*GIVEN MATERIAL:*

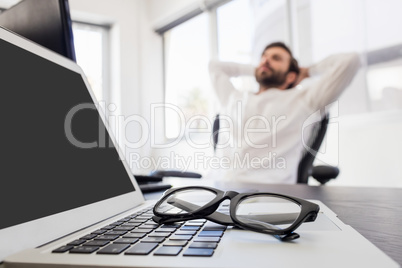 A businessman relaxing in his chair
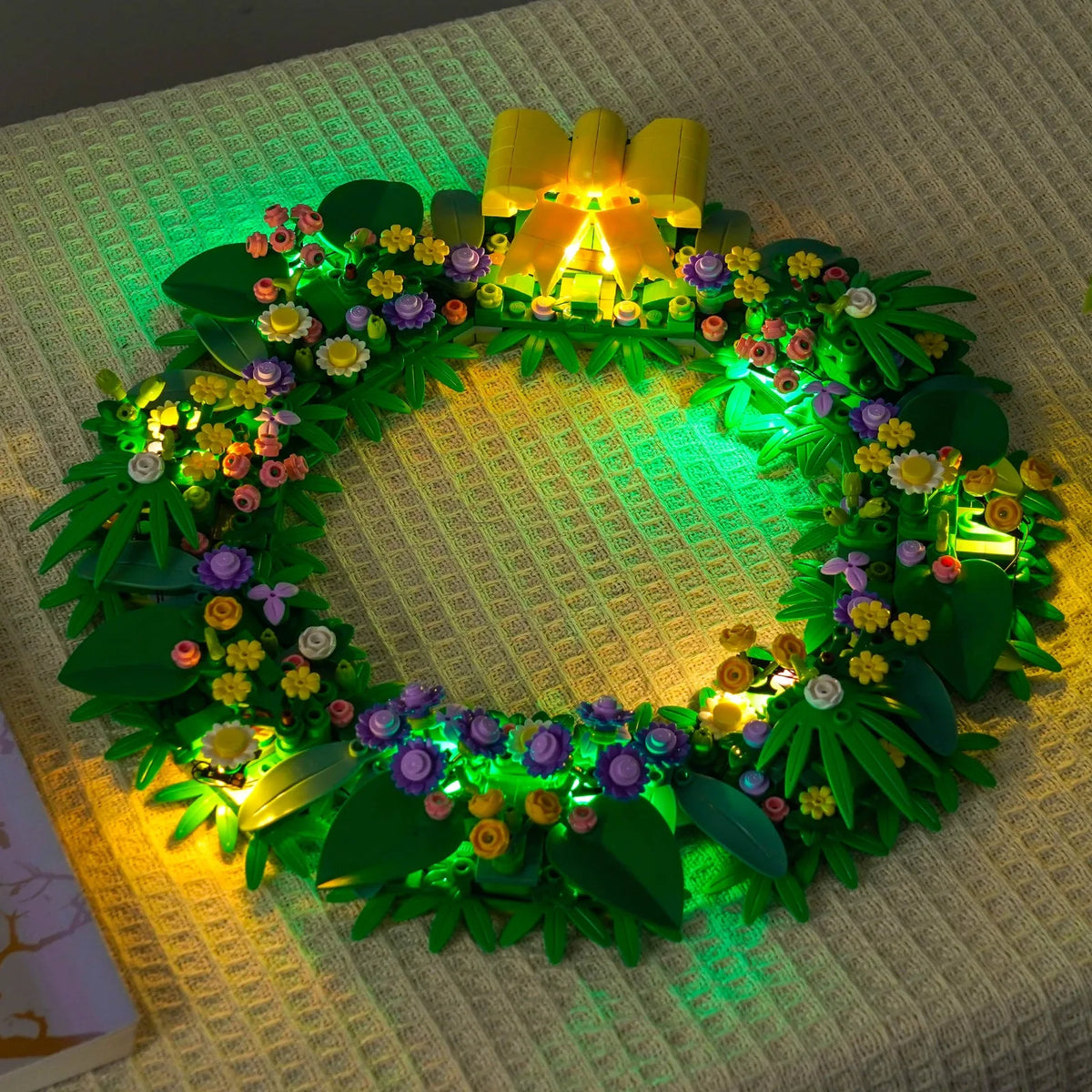 LEGO® Spring Wreath #40957 installed and glowing, with the LED lighting kit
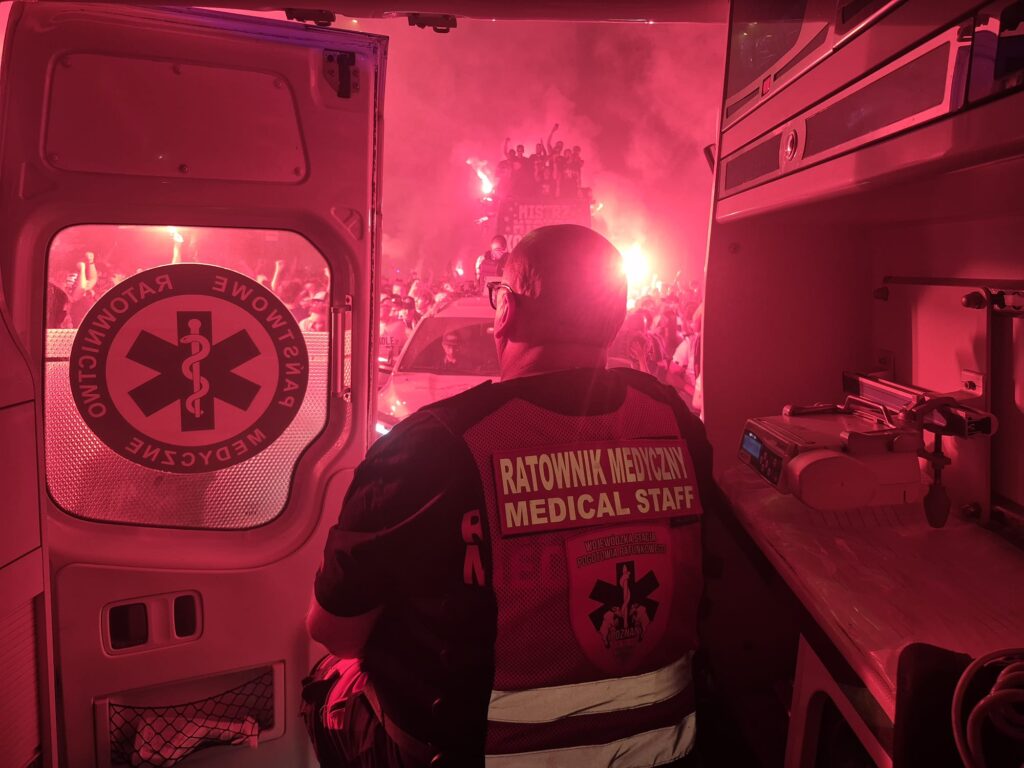 Członek personelu medycznego siedzi w otwartej karetce, obserwując tłum trzymający czerwone race w nocy. Scena na zewnątrz jest wypełniona dymem i czerwonym światłem, tworząc intensywną atmosferę.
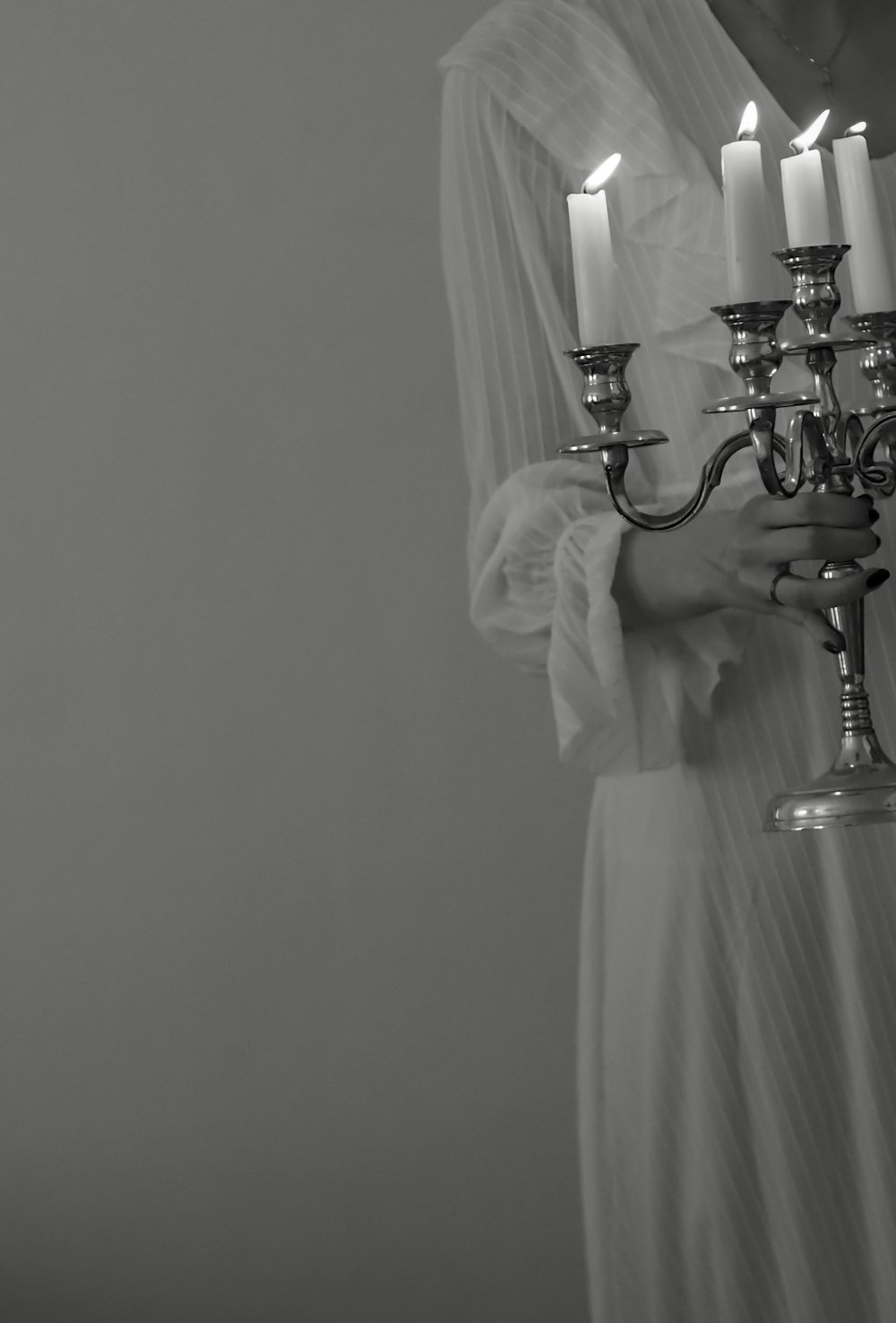 a person in a white dress holding a light fixture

*WHAT THE TASK REQUIRES:*
A verbatim copy of the material is needed; pictures are not to appear in it.

*WRITTEN SOLUTION:*
 A businessman relaxing in his chair
 LEGO® Spring Wreath #40957 installed and glowing, with the LED lighting kit
 Członek personelu medycznego siedzi w otwartej karetce, obserwując tłum trzymający czerwone race w nocy. Scena na zewnątrz jest wypełniona dymem i czerwonym światłem, tworząc intensywną atmosferę.
 a person in a white dress holding a light fixture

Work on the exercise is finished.